In 2011, the United Nations Population Division published its World Population Prospects: The 2010 Revision. In this report, the Iranian TFR was estimated to have fallen from 1.96 in 2000-2005 to 1.59 in 2010-2015. It was then projected to fall by 2025-2030 to 1.34 in the medium variant projection and to an extraordinarily low 0.84 in the low variant projection. These numbers raised major concern in parts of the Iranian Government. To avert the potential of a future disastrous population decline, a pronatalist bill was drafted for consideration by the Iranian parliament. The draft law, among numerous other provisions, called for restrictions on the employment of women and young single people and encouragements for women to marry in their late teens. Our objective is to measure the trend in fertility in Iran especially from 2000 onwards. Using the 2010 Iran Demographic and Health Survey, the synthetic cohort parity progression ratio method is used to measure the trend in fertility in Iran. Synthetic parity progressions are compared with real cohort parity progresses to examine the presence of tempo effects. Comparison is made with age-based measures of total fertility from the DHS, the 2006 and 2011 Censuses and the birth registration system.
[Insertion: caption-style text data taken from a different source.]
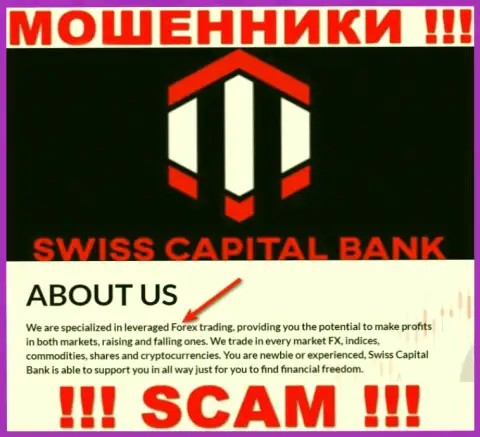 Форекс - в указанном направлении предоставляют свои услуги интернет мошенники Swiss Capital Bank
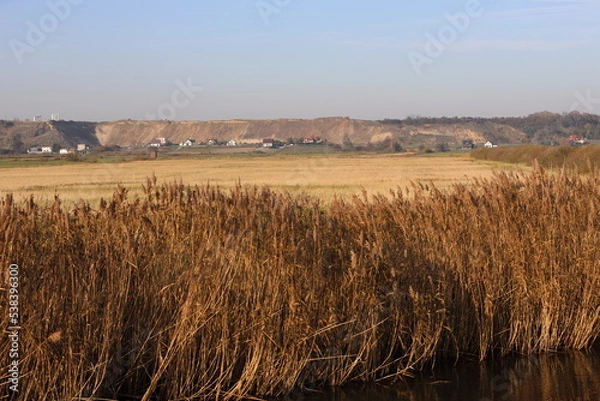 Obraz Rezerwat Beka 05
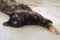 The cat lies and stretches. Relaxed and relaxed. Relaxation concept, zen moment, calm rest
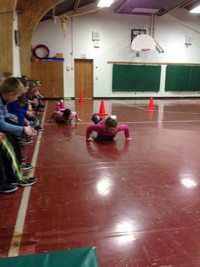 Skeleton - Photo Number 3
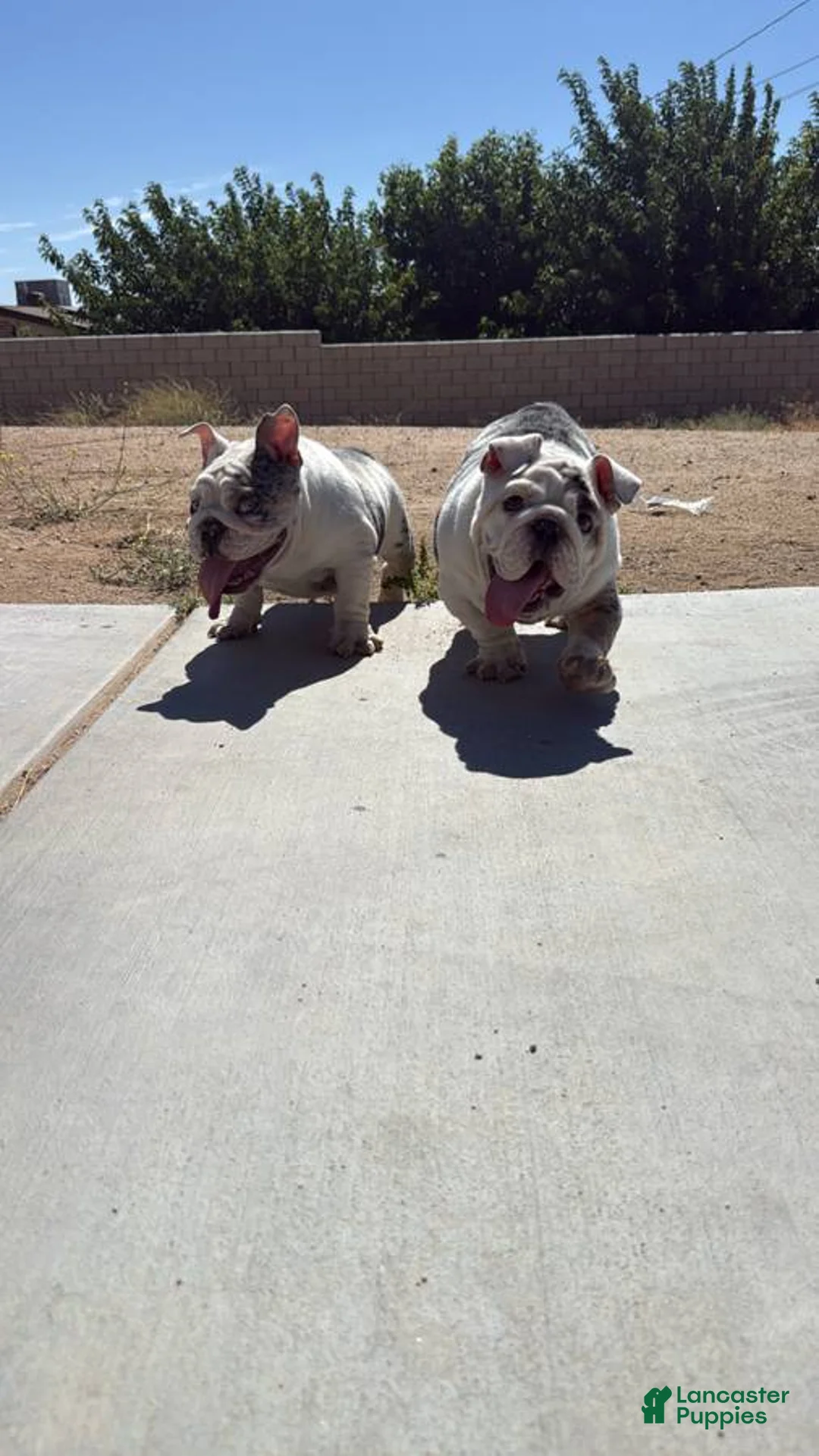 English Bulldog dogs for sale: English Bulldog Puppy 1 - Ad 8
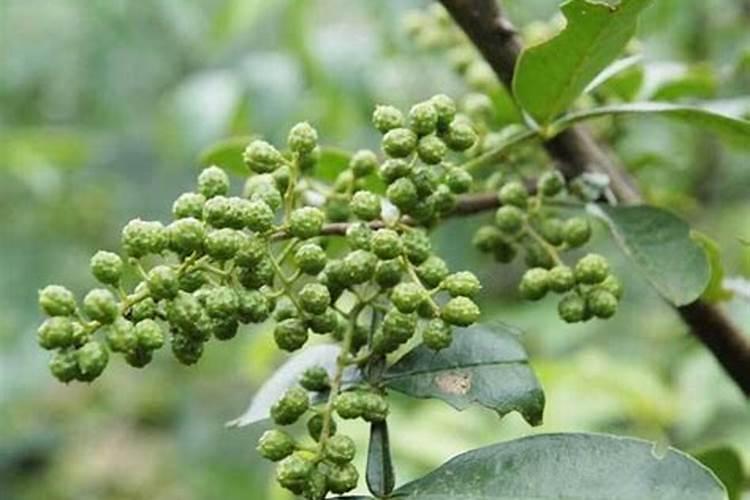 花椒树需要什么肥料？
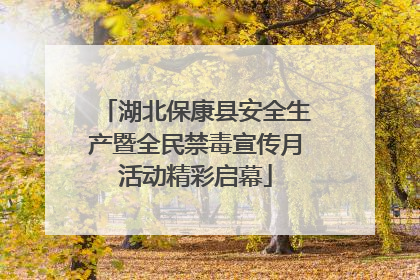 湖北保康县安全生产暨全民禁毒宣传月活动精彩启幕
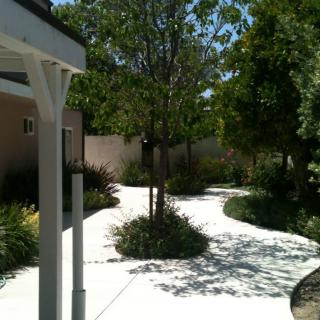 A serene garden pathway surrounded by lush greenery and trees.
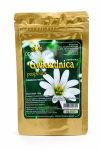 Gwiazdnica pospolita 50g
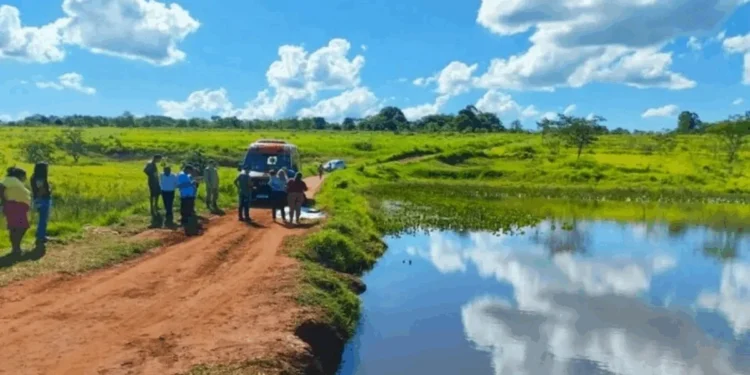 Reprodução/ TopMídia News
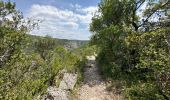 Tocht Stappen Quinson - Quinson Verdon 13 km - Photo 7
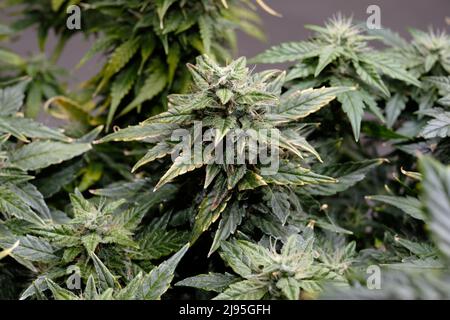 Cannabisblüten aus der Nähe, Makroansicht. Erntezeit, reif werden, Düngemittelüberdosis. Blühende Knospen mit gelben Trichomen, Wachstumskonzept. Stockfoto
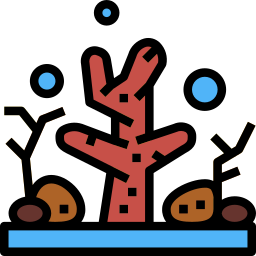 Coral icon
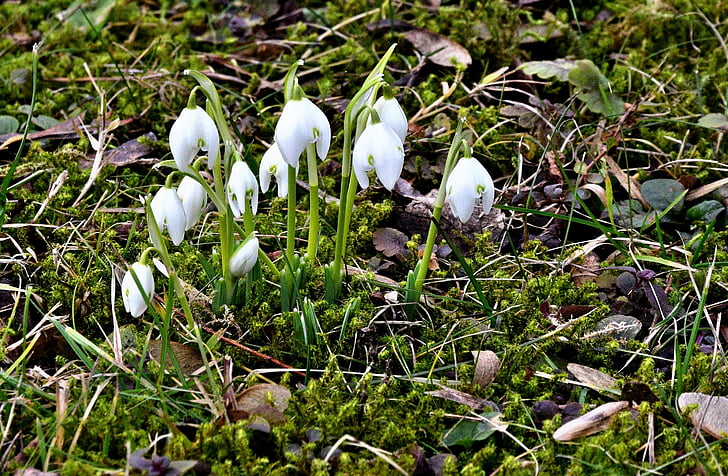 first early blooming flowers, february, snowflake, spring flowers, signs of spring, grass, nature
The paper demonstrates that fertility in Iran has been constant for the past decade at a level of 1.9-2.0 births per woman. It also shows that there is little evidence of tempo effects in Iranian fertility since 2000, most likely because there has been very little change in the age at first birth. Our findings provide evidence that there is no need for Iran to implement punitive pronatalist measures.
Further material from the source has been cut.